PROBLEM
Copy word for word, please, the lines of the entries below running from the one containing "Brown Curvaceous Leopard" to the one containing "Yellow Utility Scissors", both ends included.

Data records:
========================================================================

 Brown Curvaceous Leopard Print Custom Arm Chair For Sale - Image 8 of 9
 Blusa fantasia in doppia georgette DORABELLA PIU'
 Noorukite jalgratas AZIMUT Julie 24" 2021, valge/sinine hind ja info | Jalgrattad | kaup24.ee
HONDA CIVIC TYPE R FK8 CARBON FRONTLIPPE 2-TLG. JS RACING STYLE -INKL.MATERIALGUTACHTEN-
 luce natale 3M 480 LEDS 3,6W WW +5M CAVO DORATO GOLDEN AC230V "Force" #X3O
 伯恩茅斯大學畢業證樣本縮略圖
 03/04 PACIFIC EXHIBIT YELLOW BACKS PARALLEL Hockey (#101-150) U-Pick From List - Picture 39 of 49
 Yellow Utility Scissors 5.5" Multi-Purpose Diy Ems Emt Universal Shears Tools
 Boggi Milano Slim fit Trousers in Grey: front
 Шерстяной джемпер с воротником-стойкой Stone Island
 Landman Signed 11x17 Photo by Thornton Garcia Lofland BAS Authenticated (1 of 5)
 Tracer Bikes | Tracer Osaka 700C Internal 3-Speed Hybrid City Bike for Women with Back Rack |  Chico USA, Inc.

========================================================================

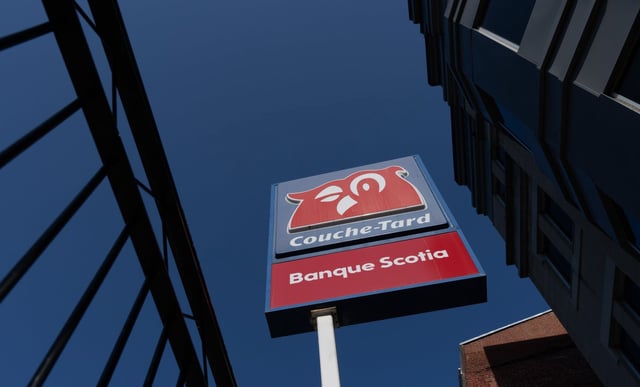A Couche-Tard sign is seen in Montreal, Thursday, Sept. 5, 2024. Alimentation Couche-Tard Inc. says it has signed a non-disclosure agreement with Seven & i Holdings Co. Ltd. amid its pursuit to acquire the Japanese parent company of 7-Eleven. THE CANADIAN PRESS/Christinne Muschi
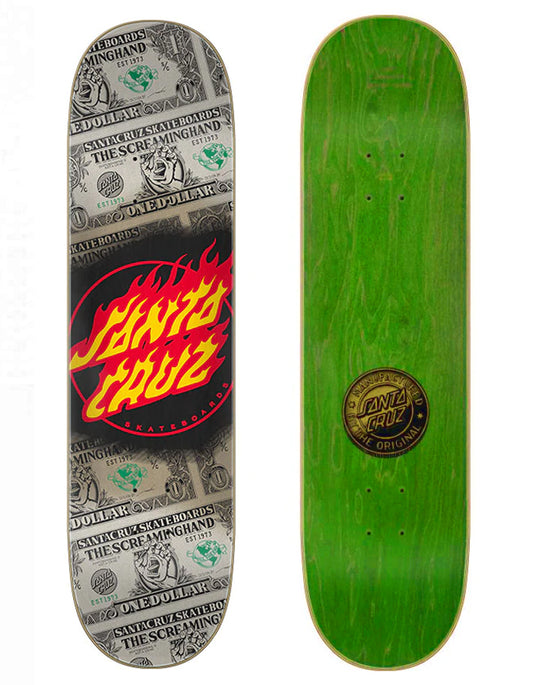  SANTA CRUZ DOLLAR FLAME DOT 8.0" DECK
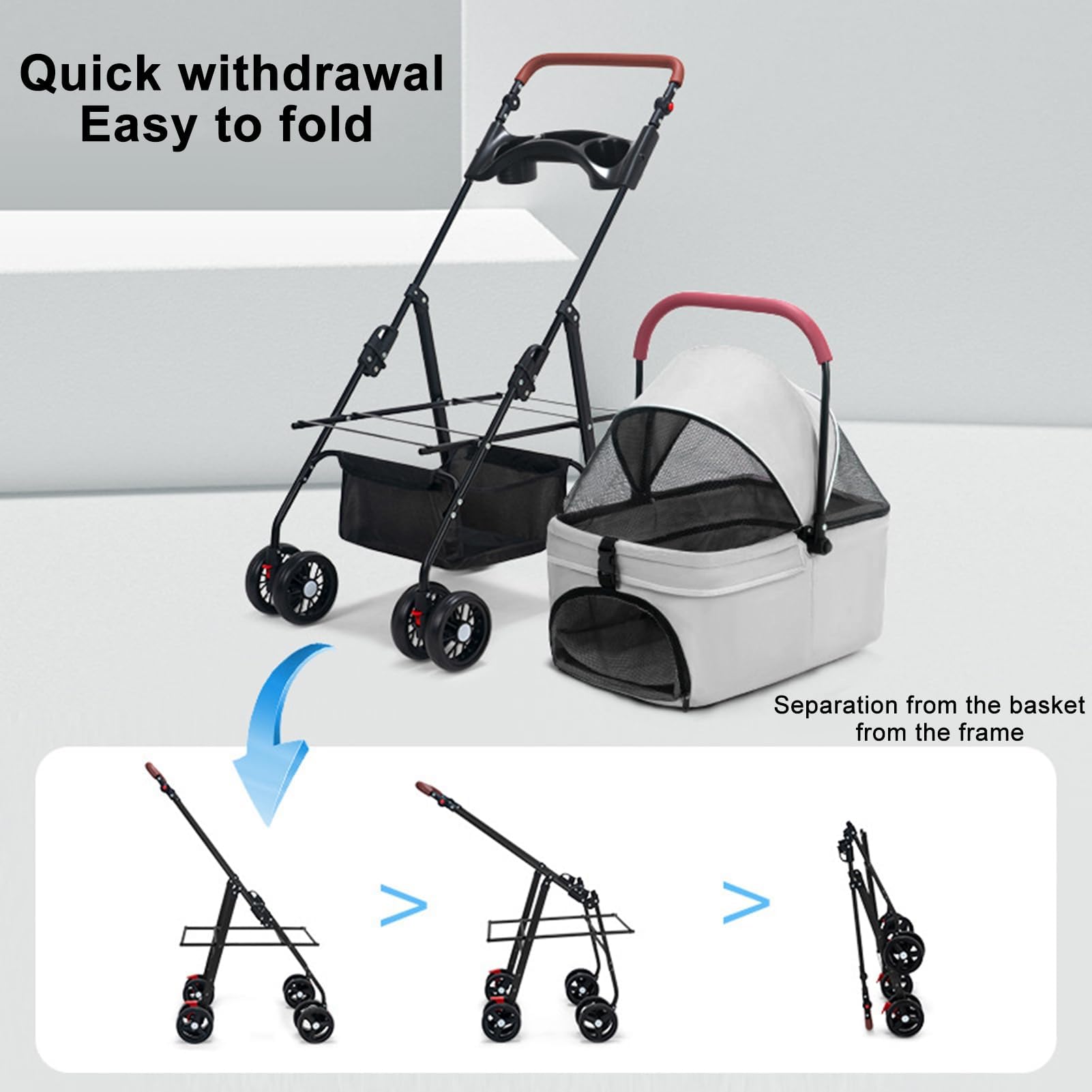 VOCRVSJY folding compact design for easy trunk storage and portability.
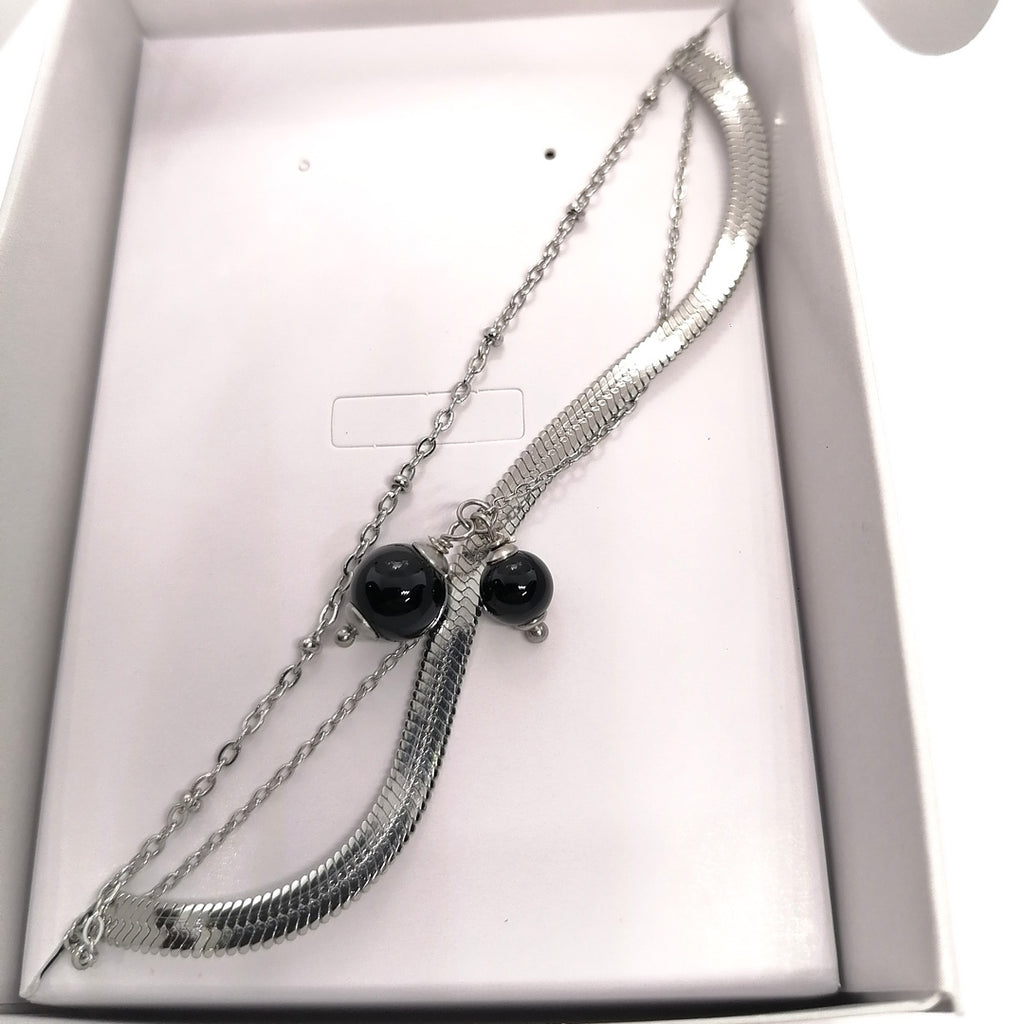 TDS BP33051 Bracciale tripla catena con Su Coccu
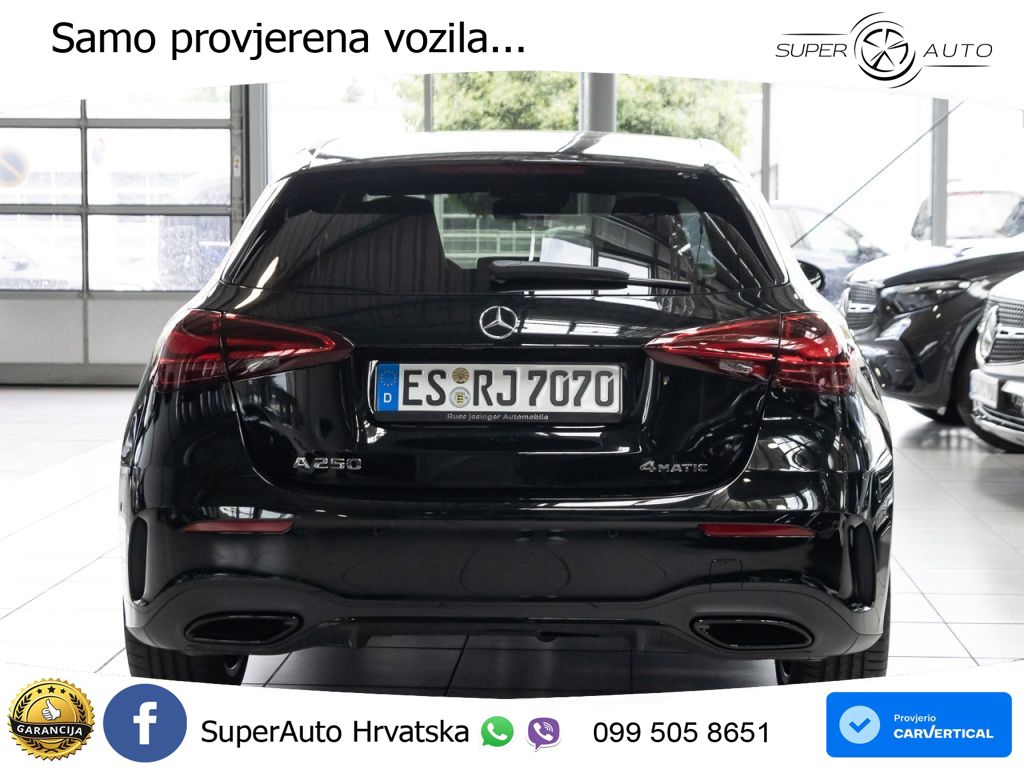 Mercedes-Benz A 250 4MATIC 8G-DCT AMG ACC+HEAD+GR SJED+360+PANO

========================================================================

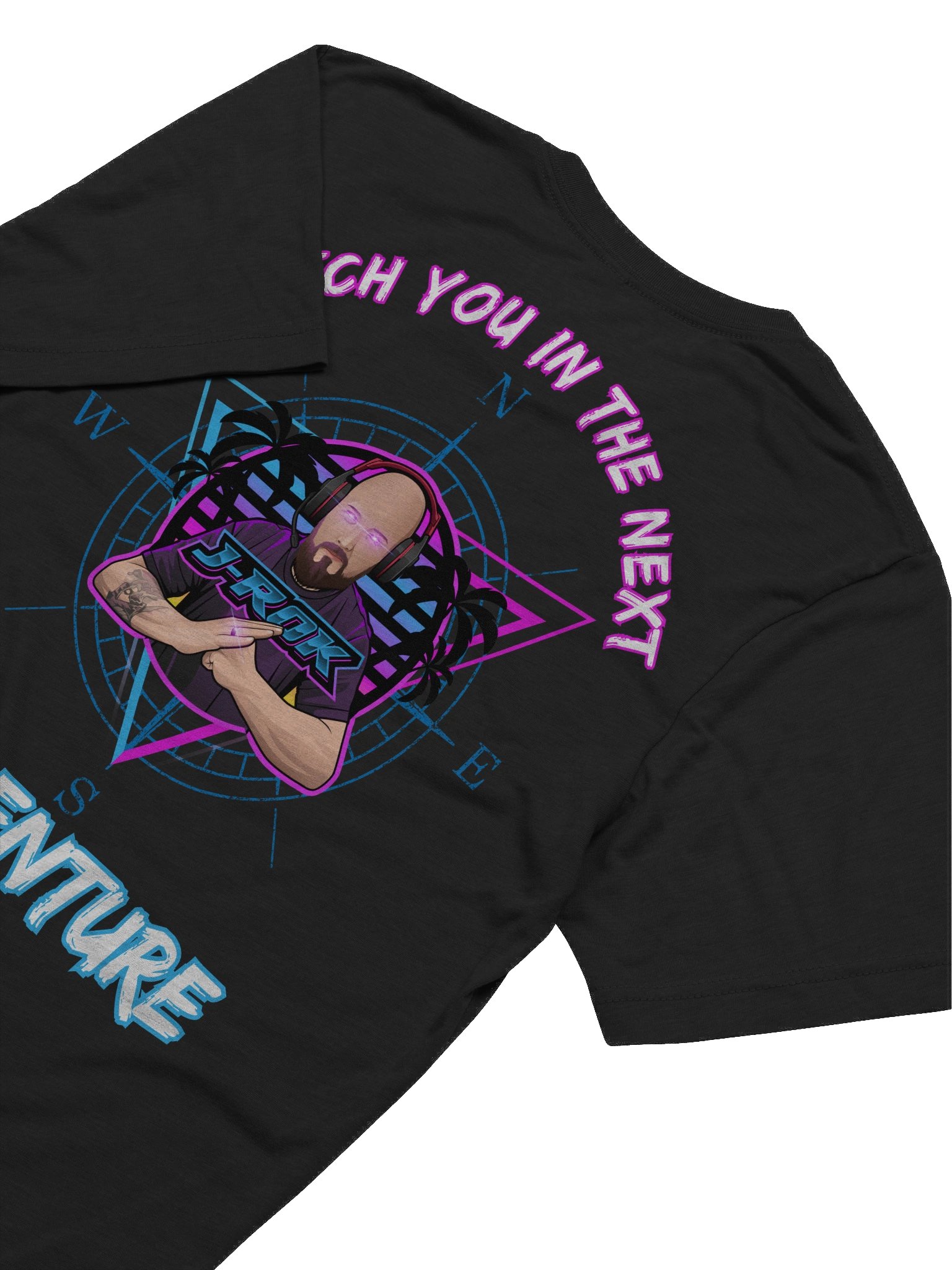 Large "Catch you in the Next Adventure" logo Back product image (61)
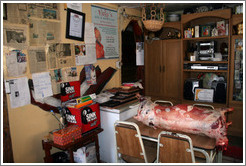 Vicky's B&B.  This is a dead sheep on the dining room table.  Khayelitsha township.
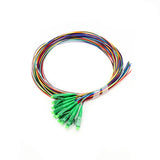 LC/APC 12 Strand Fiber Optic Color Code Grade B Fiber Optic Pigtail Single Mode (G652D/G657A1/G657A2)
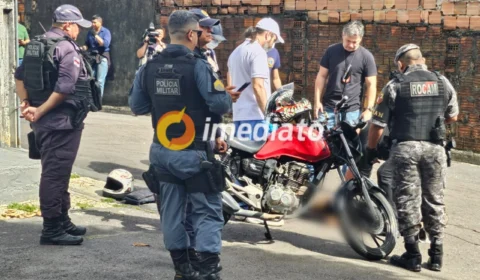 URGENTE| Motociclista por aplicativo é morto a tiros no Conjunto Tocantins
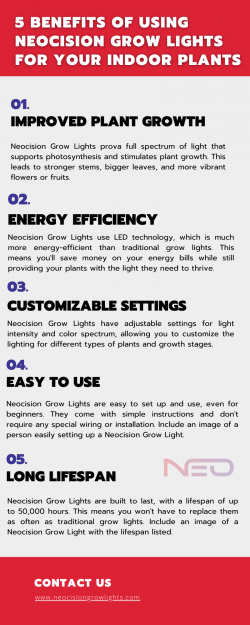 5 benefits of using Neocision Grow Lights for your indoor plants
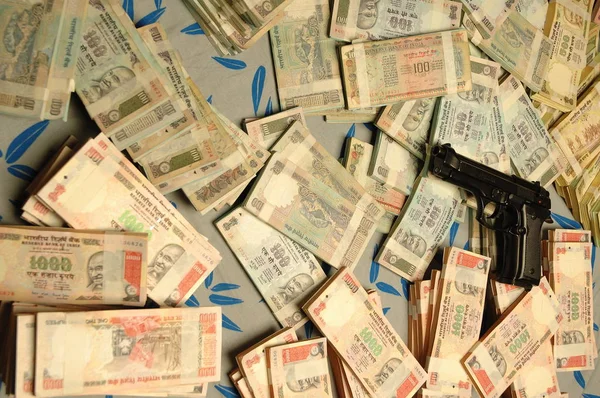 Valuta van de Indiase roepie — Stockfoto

========================================================================

SOLUTION TO THE EXERCISE
 Brown Curvaceous Leopard Print Custom Arm Chair For Sale - Image 8 of 9
 Blusa fantasia in doppia georgette DORABELLA PIU'
 Noorukite jalgratas AZIMUT Julie 24" 2021, valge/sinine hind ja info | Jalgrattad | kaup24.ee
HONDA CIVIC TYPE R FK8 CARBON FRONTLIPPE 2-TLG. JS RACING STYLE -INKL.MATERIALGUTACHTEN-
 luce natale 3M 480 LEDS 3,6W WW +5M CAVO DORATO GOLDEN AC230V "Force" #X3O
 伯恩茅斯大學畢業證樣本縮略圖
 03/04 PACIFIC EXHIBIT YELLOW BACKS PARALLEL Hockey (#101-150) U-Pick From List - Picture 39 of 49
 Yellow Utility Scissors 5.5" Multi-Purpose Diy Ems Emt Universal Shears Tools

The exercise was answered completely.